So, my Exchange 2013 server is sending mail happily to the whole world, except when a user is behind a Barracuda cloud email security service. I have some details of a log entry sent to me by an administrator of one of the receiving systems protected by Barracuda hosted systems:
Received-SPF: fail (mx9.ess.sfj.cudaops.com: domain of <agency>.org does not designate ::1 as permitted sender) Received: from <redacted>.local (10.5.10.11) by <redacted>.local (10.5.10.11) with Microsoft SMTP Server (TLS) id 15.0.847.32; Tue, 2 Jun 2015 15:59:30 -0400 Received: from <redacted>.local ([::1]) by <redacted>.local ([::1]) with mapi id 15.00.0847.030; Tue, 2 Jun 2015 15:59:30 -0400
So, if we look at the bottom, <redacted>.local originates email from [::1] - which is the localhost with IPv6. Then it starts using IPv4 for the rest of the mail - moving through the private IPv4 for <redacted>.local and then out the public IP address.
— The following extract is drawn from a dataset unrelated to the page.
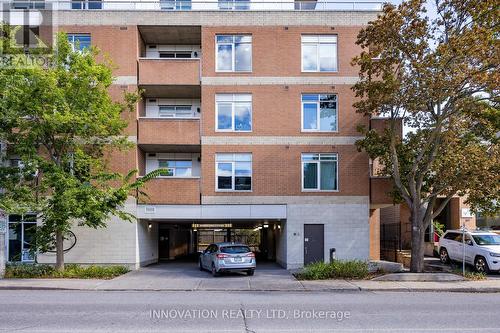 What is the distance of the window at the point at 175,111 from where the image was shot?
1040 inches

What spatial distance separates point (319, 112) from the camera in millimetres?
24750

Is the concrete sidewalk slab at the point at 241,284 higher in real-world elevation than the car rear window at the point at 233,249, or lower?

The MTA in Exchange identifies the EHLO with mail.<agency>.org. which is identified as the primary MX record for <agency>.org My SPF record reads:
v=spf1 mx a include:constantcontact.com -all
So, why for the love of all that is holy and good in this world, is the Barracuda system at all concerned with the IPv6 originating address in the header? It just stops there. In other email systems, they all start listing the FQDN and MX record, then match it up to the SPF, and pass it through. Please, oh God please tell me why, the system is marking this as an SPF fail based on Private IP and not Public IP which it doesn't even get to? Why fail immediately on the initial server in the header chain? So many systems out there have multiple servers mail passes through before it even gets to the public gateway...
I got one administrator to create an SPF skip rule, but seriously I cannot be the only one with this issue.